Many fields in science and engineering measure data that inherently live on non-Euclidean geometries, such as the sphere. Techniques developed in the Euclidean setting must be extended to other geometries. Due to recent interest in geometric deep learning, analogues of Euclidean techniques must also handle general manifolds or graphs. Often, data are only observed over partial regions of manifolds, and thus standard whole-manifold techniques may not yield accurate predictions. Slepian wavelets are designed for datasets like these. Slepian wavelets are built upon the eigenfunctions of the Slepian concentration problem of the manifold: a set of bandlimited functions that are maximally concentrated within a given region. Wavelets are constructed through a tiling of the Slepian harmonic line by leveraging the existing scale-discretised framework. Whilst these wavelets were inspired by spherical datasets, like in cosmology, the wavelet construction may be utilised for manifold or graph data.
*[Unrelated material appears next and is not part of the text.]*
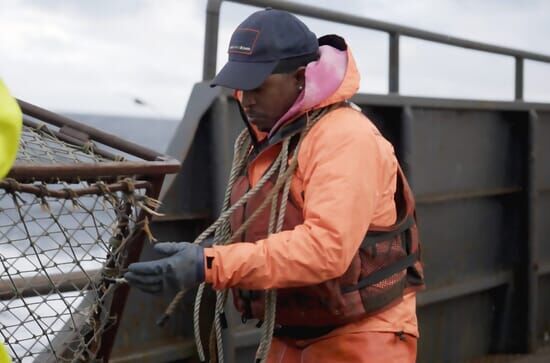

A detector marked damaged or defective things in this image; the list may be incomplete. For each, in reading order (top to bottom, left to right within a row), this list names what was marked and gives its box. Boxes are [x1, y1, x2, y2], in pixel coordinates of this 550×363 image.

- Are there other Python packages that accomplish the same thing? If so, how does yours differ?
To the author's knowledge, there is no public software that allows one to compute Slepian wavelets
(or a similar approach) on the sphere or general manifolds/meshes. SHTools
is a Python
code used for spherical harmonic transforms, which allows one to compute the Slepian functions of the spherical polar cap. A series of MATLAB
scripts exist in slepian_alpha
, which permits the calculation of the Slepian functions on the sphere. However, these scripts are very specialised and hard to generalise.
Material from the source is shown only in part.